Files are open and closed properly, buffer also have some default size, so the code is very simple to use (more details http://alexeypetrushin.github.com/vfs ).
Basically by implementing just those two methods You get ability to stream from any stream into any stream (fs, s3, sftp, ...).

I tried to do something similar with asynchronous streams.

Mark Hahn

unread,
Oct 13, 2012, 8:16:44 PM10/13/12
to nod...@googlegroups.com
There is no 'data' event.  There is a read() method, and a 'readable' event.  You call read() until it returns null, and then wait for a readable event to tell you it's time to read() more.

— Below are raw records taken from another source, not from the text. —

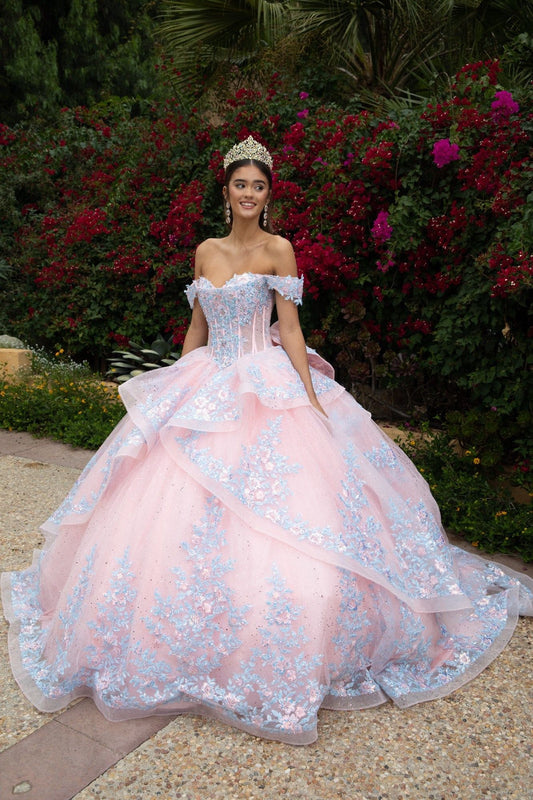 Quinceniera Dresses  Quinceanera Dress Long Glitter Ball Gown Blush Blue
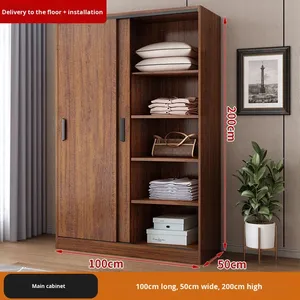 Inklusive Montage Massivholz Minimalistischer Moderner Kleiderschrank Haushalt Schlafzimmer Einfacher Schiebetür-Kleiderschrank zum Selbstaufbau - Product Image 5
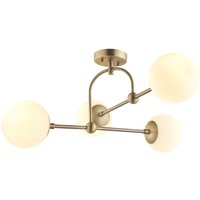 Deckenlampe Glas Metall 70,5cm lang 4x E14 Messing antik Weiß von Endon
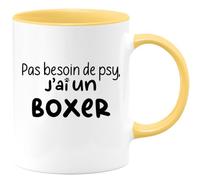 quotedazur - Mug Pas Besoin De Psy J'ai Un Boxer Jaune/Céramique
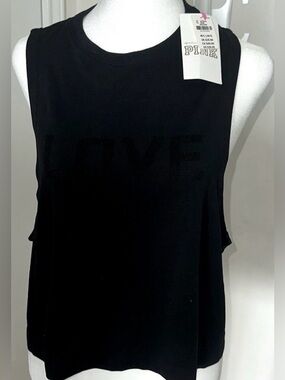 PINK Victoria's Secret Black Logo Crewneck Tee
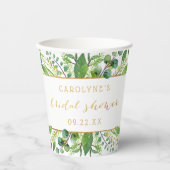 Gobelets En Papier Mariage Chic Simplicité avec Feuillage & Or (Recto)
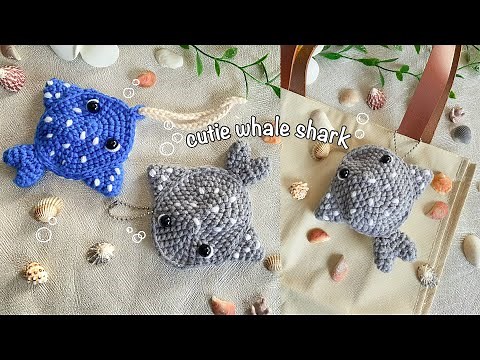 Crochet Whale Shark Pouch & Bag Charm 🐋 | Cute & Easy Ocean Animal No-Sew Tutorial 🐋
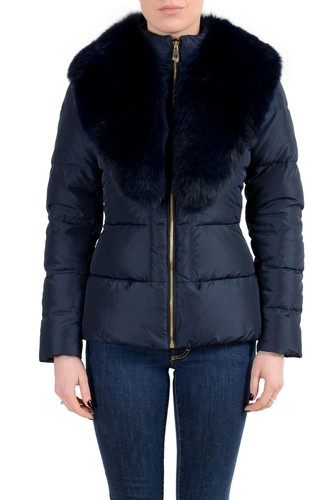 Pre-owned Versace Collection Women's Down Fox Fur Collar Parka Jacket Sz Xs S M L Xl 2xl In Blue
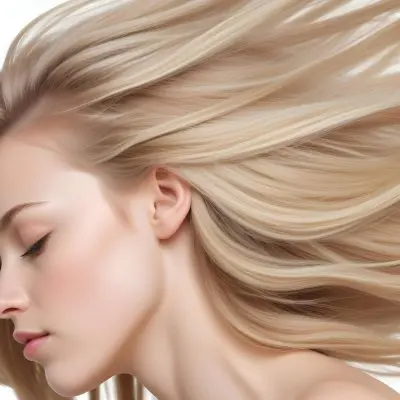 A Young Caucasian Woman With Long Straight Blonde Hair Cascading Down She Has Fair Skin And Is Shown In Profile With Her Eyes Closed And A Serene Expression The Background Is Plain White Emphasizing Her Hair And Fac 93 D880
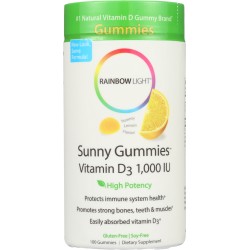 RAINBOW LIGHT: Sunny Gummies Vitamin D3 Yummy Lemon Flavor 1000 IU 100 Gummies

So, if we want to pump it at max rate we would run a tight loop to read and write in the beginning and then on every readable event?   It seems like more work and a lot messier compared to the old data event scheme.


--

Nathan Rajlich

unread,
Oct 13, 2012, 8:19:57 PM10/13/12
to nod...@googlegroups.com
Mark, to pump at max rate you'd use .pipe().

Mark Hahn

unread,
Oct 13, 2012, 8:25:50 PM10/13/12
to nod...@googlegroups.com
But pipe only works if the writes are to another stream.  If they are to a db driver or something without pipe support then I have to do my own reads.  Or am I missing something here?

Isaac Schlueter

unread,
Oct 13, 2012, 8:31:51 PM10/13/12
to nod...@googlegroups.com
Mark,

Well... yes. If you want to siphon out the data as fast as possible,
and it's not going to a writable stream interface of some sort, then
you have to read() in a tight loop on every readable event. That's
actually not much different than the 'data' event scheme.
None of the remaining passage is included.